Instructions for the task: Task for the records below: repeat the line containing "2016 JYPnation Talk" and every line after it, exactly and with nothing else, but leave out the pictures.

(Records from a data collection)

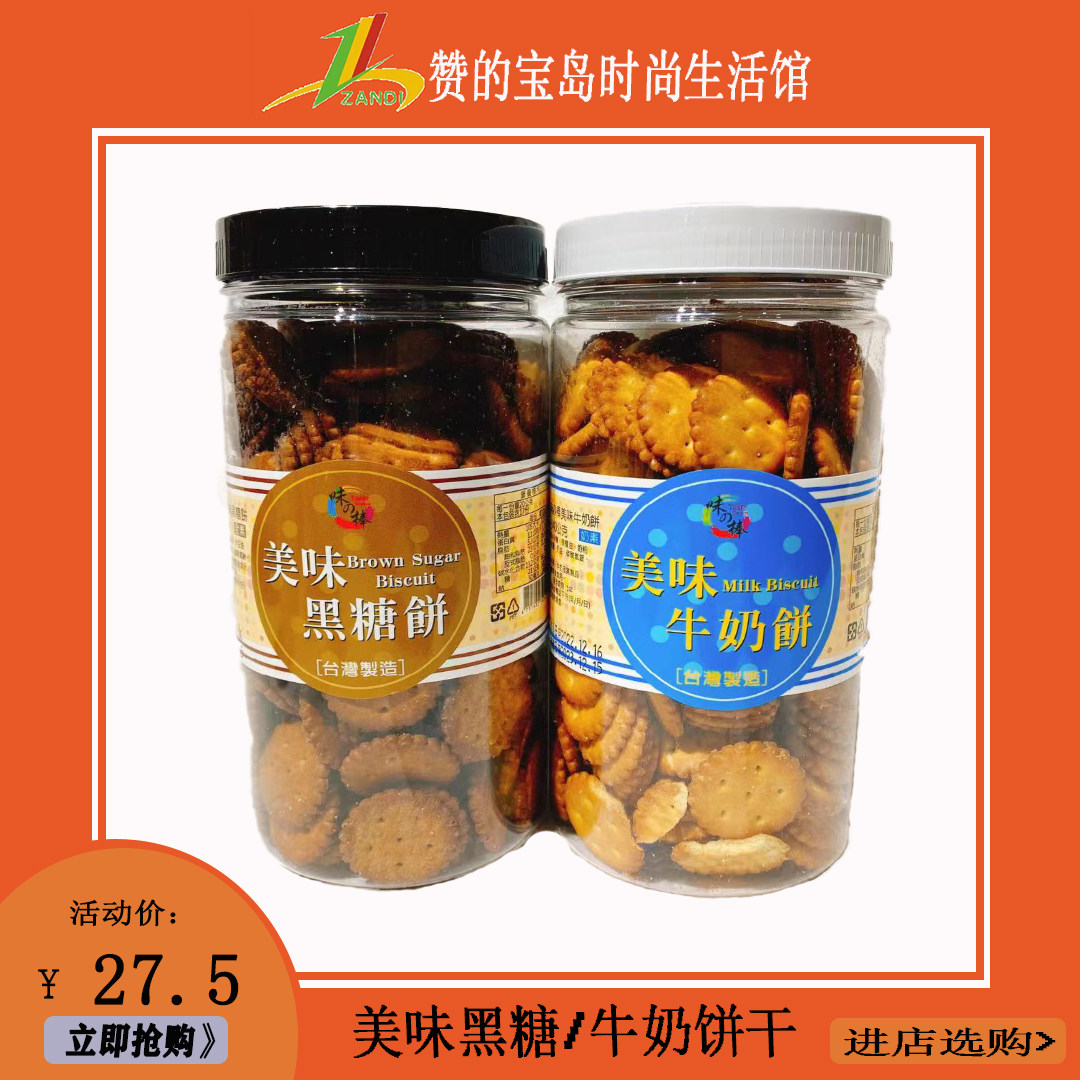台湾味之棒美味黑糖饼/美味牛奶饼340g罐装圆形饼干奶素 好吃不贵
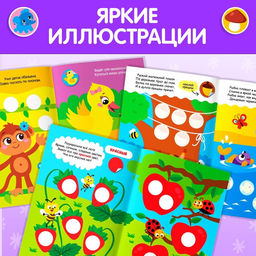 Наклейки-кружочки Учим цвета и животных, набор: 3 шт. по 16 стр. - Буква-Ленд фото 11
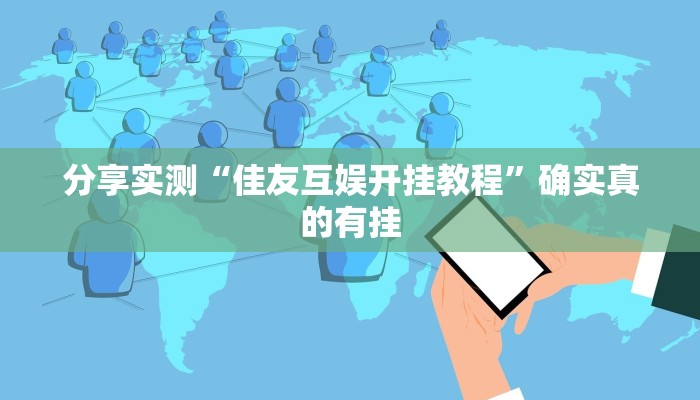 辅助神器“临沂棋牌部落作弊透视”真实开挂技巧分享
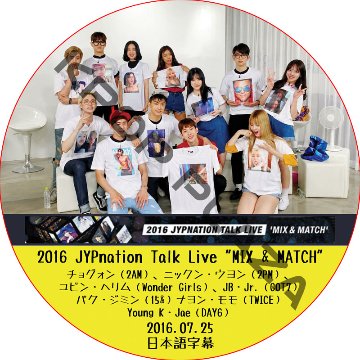 2016 JYPnation Talk Live MIX & MATCH (2016.07.25) 日本語字幕 / [出演者 : ニックン, ウヨン (2PM) JB, JR (GOT7)]の画像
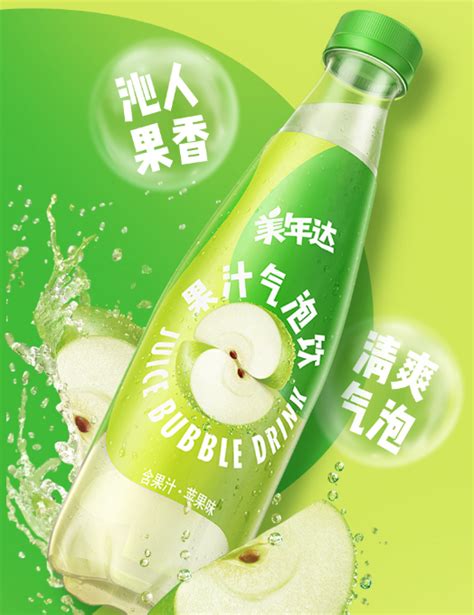 美汁源果粒橙果味饮料450ml*12瓶 - 惠券直播 - 一起惠返利网_178hui.com
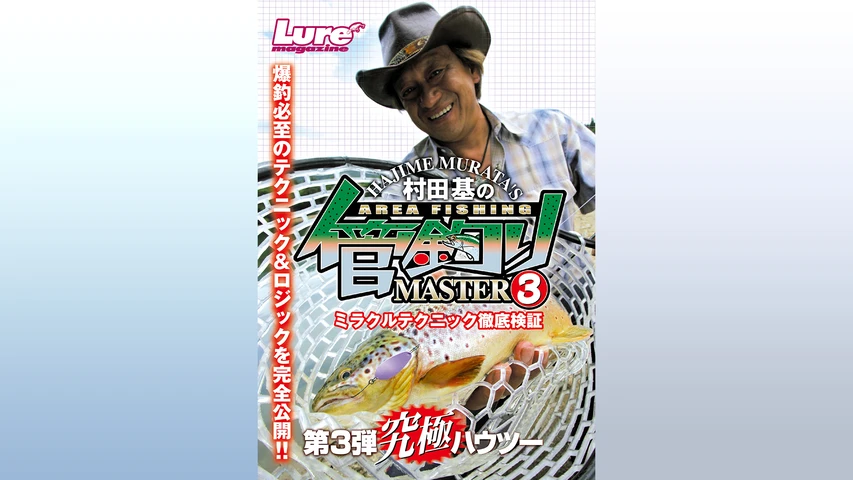 管釣りマスター3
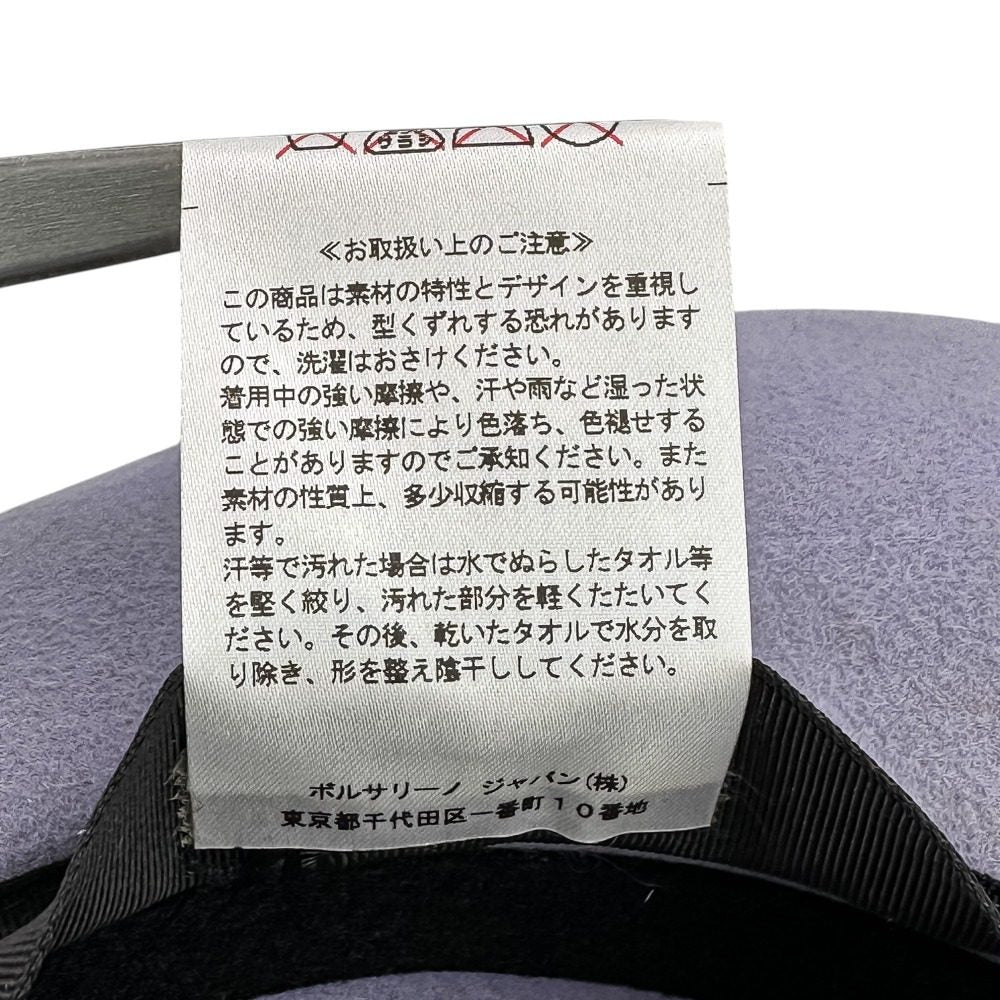 ボルサリーノ ALESSANDRIA ラビットフェルトハット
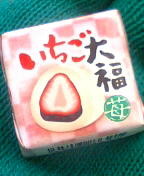 akimirakuru2007-11-22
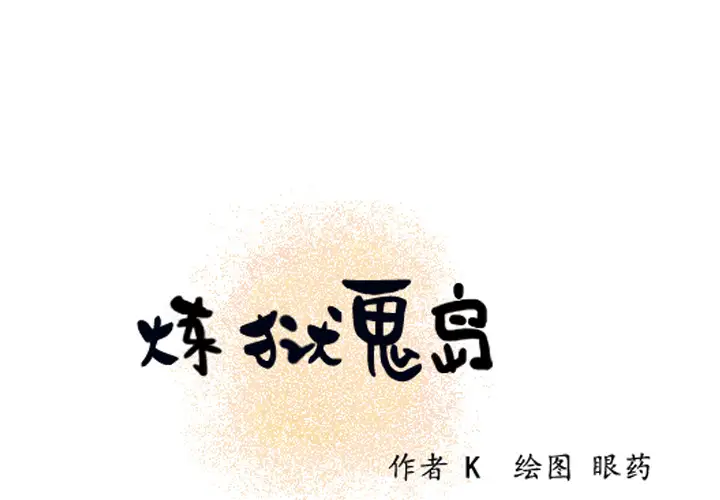 炼狱鬼岛第10话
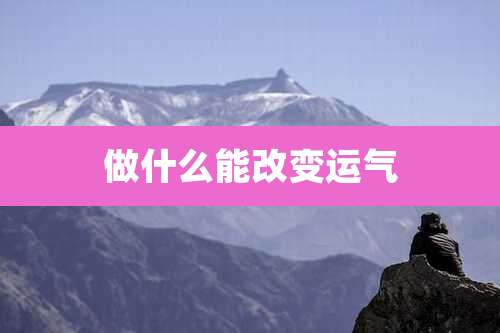 做什么能改变运气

Exercise output:
 2016 JYPnation Talk Live MIX & MATCH (2016.07.25) 日本語字幕 / [出演者 : ニックン, ウヨン (2PM) JB, JR (GOT7)]の画像
 美汁源果粒橙果味饮料450ml*12瓶 - 惠券直播 - 一起惠返利网_178hui.com
 管釣りマスター3
 ボルサリーノ ALESSANDRIA ラビットフェルトハット
 akimirakuru2007-11-22
 炼狱鬼岛第10话
 做什么能改变运气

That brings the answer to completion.